I love Wood Storks. I can’t help but point one out every time I see one. I’m just superstitious and on this particular day as the white and black bird glides over the pines and nears my lawn, my soon-to-be parent instinct leads to my maniacal “nooooooooooooooooooooooo”. It works and the bird majestically takes a slightly altered flight line.

Theodoro Corradino was born on 1/31/2011. If he’s anything but the most beautiful baby I wouldn’t know. I would imagine the Wood Storks think the same of their hatchlings.

Thursday, February 3, 2011

Something Big Lives Behind My Stove

There are few good reasons to pull a stove away from the wall in anyone’s house. Maybe there’s a portal to a secret dimension where you never grow older or there’s a treasure vault hidden by a bootlegger in decades past. I was simply looking for the stove model # and what I found was horrifying.

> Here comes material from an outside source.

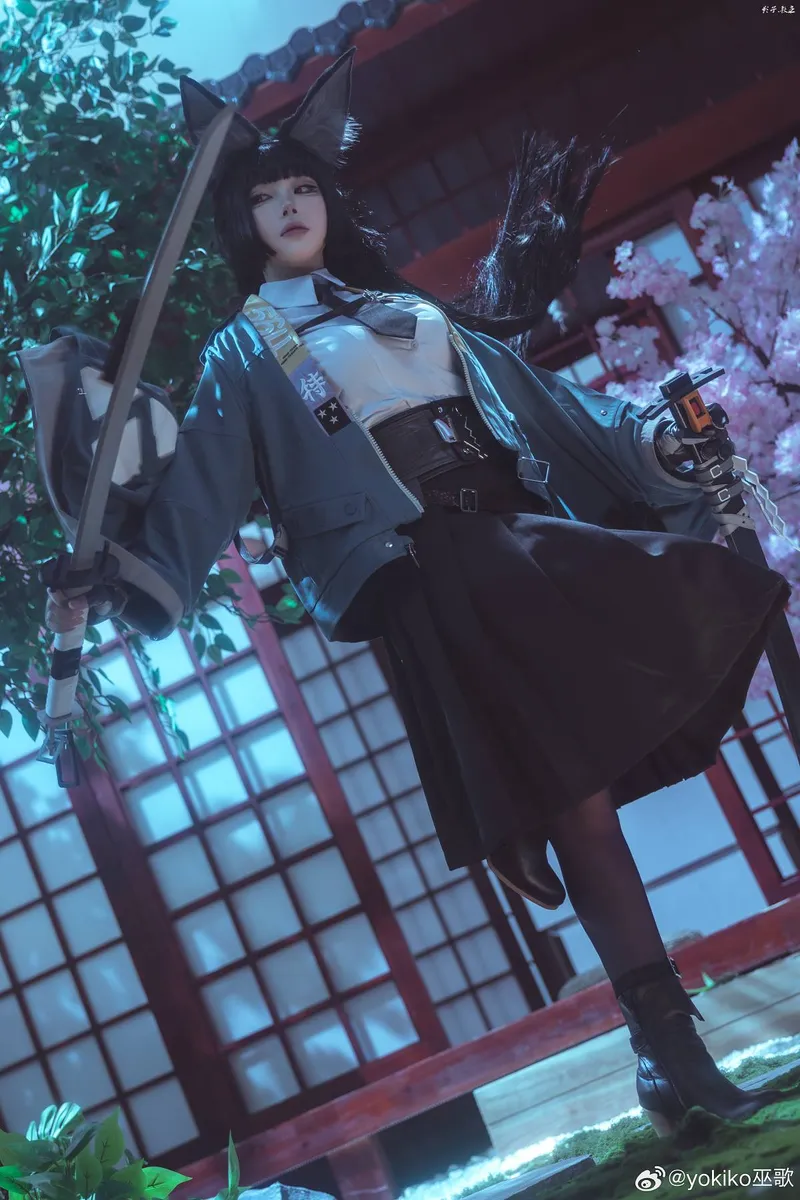 《绝区零》星见雅cosplay展示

Typically the items discovered behind any large appliance include Chinese takeout menus, diamond-grade pasta noodles, the fridge magnet letters X or J and maybe a pet hamster that has long since been eulogized and buried. But what I saw sent me reeling. I wouldn’t even dare take, let alone post a picture. Cast about on the tile behind the stove was a ring of spider appendages that looked like a skeleton poking up through the sand in the desert. Each of the eight, L-shaped, stiff-haired legs measured nearly two inches. Absent were any other body parts. Something big ate this spider. Something big lives behind my stove.

Should I not be content that the hideous creature that entered my house uninvited has been unceremoniously dispatched? It’s bad enough knowing the spider was inside these walls but something captured, killed and devoured this beast.

Days later I noticed a conspicuous pile of scat on the floor. It looked like a tiny tootsie roll left in the sun to long. I cleaned it up. The next day there was another. I cleaned that too and like a kid waiting for financial compensation from a tooth fairy, I came out the next morning to see if something had been left behind again. And it had. Not particularly magical.

My dad was visiting that day and I asked if he knew what it was. “That’s skink poop” he said with absolute certainty. It should be noted that not only have I cleaned up his quote for this post, but he is also an expert on the matter.

Days later I spotted the brilliant turquoise tail of a juvenile Five-lined Skink (Plestiodon inexpectatus) zip under the fridge and suddenly it all made sense. I made a deal with the skink – you eat the spiders, I’ll clean up your poop.